To American evangelicals, such a dispute might sound trivial, but such a dispute clearly demonstrates the importance of biblical worship that Puritans ascribed to their church and how this “regulative principle” was to be applied. When Queen Elizabeth ascended the throne, she passed both an Act of Supremacy recognizing herself as the supreme governor (not “Head”) over the Church and allowing communion to be celebrated in both kinds. The second piece of legislation was known as the Act of Uniformity, which, among other things, affirmed the Second (and less conservative) Edwardian Prayer Book but with the important addition of sentences at the communion service which would allow for a more commemorative interpretation of the sacrament, and with the equally important deletion of the “black rubric” (a clause which explained why the communicants should kneel during the offering of the Eucharist). It also prescribed that ministers should wear those vestments that had been worn in the second year of Edward VI, not during the reign of Mary I. Again, liturgy was important. However, church government was also.

While Elizabeth signaled a “Protestant” transition in the land, England was very much still an Erastian kingdom (i.e. the state was superior in authority in ecclesiastical matters). Therefore episcopacy was still the law of the land. Much to the chagrin of most Puritans, bishops usually served as pawns for the political action of the Queen instead of ministers for the edification of the Church. For this reason, the Presbyterian movement fostered by men like Thomas Cartwright was squashed with the fury of Elizabeth because its equality of ministers pitted itself against her especially autocratic style of rule. Puritans fought for Presbyterianism not simply because they saw it prescribed in Scripture; they also believed it was a thoroughly pastoral polity. In other words, Puritans were anti-episcopal because they believed elders and teachers shouldn't be distanced from their flocks.

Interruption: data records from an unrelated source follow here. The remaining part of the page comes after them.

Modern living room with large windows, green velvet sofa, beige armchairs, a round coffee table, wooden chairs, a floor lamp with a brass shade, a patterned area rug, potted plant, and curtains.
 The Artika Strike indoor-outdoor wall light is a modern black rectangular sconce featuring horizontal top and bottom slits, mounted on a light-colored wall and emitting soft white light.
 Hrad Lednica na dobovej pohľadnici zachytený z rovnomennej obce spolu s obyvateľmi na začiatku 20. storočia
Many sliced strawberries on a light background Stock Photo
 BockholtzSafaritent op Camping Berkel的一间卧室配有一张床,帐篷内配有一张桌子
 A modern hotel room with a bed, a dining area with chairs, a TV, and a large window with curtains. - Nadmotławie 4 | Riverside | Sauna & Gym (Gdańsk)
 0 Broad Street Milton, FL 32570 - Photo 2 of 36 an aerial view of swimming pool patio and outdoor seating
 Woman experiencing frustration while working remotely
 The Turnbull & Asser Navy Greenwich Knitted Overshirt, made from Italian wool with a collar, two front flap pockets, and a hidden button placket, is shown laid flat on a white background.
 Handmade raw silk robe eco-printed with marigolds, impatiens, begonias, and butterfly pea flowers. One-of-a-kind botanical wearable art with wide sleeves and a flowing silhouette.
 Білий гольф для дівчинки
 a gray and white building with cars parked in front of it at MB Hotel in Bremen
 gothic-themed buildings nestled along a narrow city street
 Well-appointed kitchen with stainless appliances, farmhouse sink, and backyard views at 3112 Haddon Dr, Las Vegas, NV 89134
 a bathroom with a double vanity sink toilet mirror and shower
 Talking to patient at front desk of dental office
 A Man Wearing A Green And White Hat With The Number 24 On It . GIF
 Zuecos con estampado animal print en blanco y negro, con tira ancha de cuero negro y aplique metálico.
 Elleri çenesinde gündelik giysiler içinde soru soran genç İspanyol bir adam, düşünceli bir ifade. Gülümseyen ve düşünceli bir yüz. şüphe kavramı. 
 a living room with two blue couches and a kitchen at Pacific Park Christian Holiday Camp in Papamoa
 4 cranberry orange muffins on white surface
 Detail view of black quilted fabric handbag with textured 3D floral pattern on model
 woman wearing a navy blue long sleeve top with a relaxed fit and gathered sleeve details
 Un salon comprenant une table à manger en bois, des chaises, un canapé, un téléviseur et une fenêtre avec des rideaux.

Ecclesiology is soteriology.

The history of Puritanism serves a number of noble purposes for the modern church today, among them an appreciation for our Protestant forbears, martyrs, and soldiers of the faith who contended for orthodoxy in a time when it was deadly to do so. However, Puritanism also points us to the importance of liturgy and ecclesiology in the life of the church itself. These were, according to the Puritans, not adiaphorous, or nonessential issues. Long before Puritans fought for the Calvinism of the church, they first contended for proper forms of worship and government, things they saw as integral to spiritual flourishing. We should follow their cue in examining the how and the why of our own church life. Perhaps why the name of Puritan has endured for so long in our own age is partially due to the seeming theological demise and moral collapse of the Church of England. Many evangelicals on both sides of the Atlantic today can attest to the lines from George Herbert’s poem written during the oppression of William Laud: “Religion stands on tiptoe in our land, Ready to pass to the American strand.” With the modern assault upon English orthodoxy on all levels, it now seems that American evangelicals have now, in some ways, picked up the Puritan mantle to continue pure and undefiled religion in the face of the Babylonian state. Therefore it seems, at least for now, that the epithet of Puritan will endure, however with a few more modifications.